## Task directions
From the first line of the entries below to the line with "Hourly usage for June 2018", give each line again exactly.

■ ■ ■ ■ ■

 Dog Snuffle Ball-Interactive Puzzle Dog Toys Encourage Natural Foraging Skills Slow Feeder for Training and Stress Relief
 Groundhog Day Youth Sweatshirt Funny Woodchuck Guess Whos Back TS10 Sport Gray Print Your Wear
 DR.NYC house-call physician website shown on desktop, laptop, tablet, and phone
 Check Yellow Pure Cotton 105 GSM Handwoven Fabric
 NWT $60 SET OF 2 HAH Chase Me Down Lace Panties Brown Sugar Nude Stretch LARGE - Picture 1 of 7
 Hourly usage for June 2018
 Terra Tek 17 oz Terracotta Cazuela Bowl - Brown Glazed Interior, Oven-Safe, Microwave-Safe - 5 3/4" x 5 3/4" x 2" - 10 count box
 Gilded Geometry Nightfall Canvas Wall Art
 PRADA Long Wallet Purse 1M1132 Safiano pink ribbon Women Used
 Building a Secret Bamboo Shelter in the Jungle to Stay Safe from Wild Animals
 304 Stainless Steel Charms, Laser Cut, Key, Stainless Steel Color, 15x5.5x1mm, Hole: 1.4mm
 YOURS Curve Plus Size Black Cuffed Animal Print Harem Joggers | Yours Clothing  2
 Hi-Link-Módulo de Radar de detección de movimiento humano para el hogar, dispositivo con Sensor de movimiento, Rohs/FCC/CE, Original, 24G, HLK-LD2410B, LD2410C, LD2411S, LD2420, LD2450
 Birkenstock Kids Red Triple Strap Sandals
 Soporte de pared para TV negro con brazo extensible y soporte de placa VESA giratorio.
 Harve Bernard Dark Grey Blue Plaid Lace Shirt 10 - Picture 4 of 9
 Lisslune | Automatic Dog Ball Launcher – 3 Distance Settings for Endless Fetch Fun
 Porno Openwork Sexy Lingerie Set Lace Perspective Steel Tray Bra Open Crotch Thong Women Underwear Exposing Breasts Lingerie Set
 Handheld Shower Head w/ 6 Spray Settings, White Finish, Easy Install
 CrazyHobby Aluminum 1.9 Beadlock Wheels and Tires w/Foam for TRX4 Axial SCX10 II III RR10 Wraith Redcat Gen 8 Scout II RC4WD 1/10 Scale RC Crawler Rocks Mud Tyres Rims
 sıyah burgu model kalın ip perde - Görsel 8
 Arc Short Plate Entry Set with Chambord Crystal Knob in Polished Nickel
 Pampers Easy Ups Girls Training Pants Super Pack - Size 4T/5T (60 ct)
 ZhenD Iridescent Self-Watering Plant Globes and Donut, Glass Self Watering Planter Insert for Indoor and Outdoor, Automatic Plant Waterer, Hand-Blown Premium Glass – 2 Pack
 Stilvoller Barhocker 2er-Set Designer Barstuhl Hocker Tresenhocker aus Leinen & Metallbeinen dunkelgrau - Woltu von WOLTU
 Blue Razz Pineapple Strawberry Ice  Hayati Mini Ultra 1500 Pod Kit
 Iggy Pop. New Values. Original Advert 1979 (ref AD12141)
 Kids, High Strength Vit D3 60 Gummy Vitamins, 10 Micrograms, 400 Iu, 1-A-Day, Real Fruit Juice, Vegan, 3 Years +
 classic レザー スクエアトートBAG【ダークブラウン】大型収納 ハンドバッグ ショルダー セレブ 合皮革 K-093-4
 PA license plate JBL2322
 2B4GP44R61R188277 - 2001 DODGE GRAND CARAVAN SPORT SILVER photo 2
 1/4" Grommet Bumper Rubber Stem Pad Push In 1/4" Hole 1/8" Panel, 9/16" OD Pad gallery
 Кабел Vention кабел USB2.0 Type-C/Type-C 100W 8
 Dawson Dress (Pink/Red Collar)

■ ■ ■ ■ ■

## Answer to this problem
 Dog Snuffle Ball-Interactive Puzzle Dog Toys Encourage Natural Foraging Skills Slow Feeder for Training and Stress Relief
 Groundhog Day Youth Sweatshirt Funny Woodchuck Guess Whos Back TS10 Sport Gray Print Your Wear
 DR.NYC house-call physician website shown on desktop, laptop, tablet, and phone
 Check Yellow Pure Cotton 105 GSM Handwoven Fabric
 NWT $60 SET OF 2 HAH Chase Me Down Lace Panties Brown Sugar Nude Stretch LARGE - Picture 1 of 7
 Hourly usage for June 2018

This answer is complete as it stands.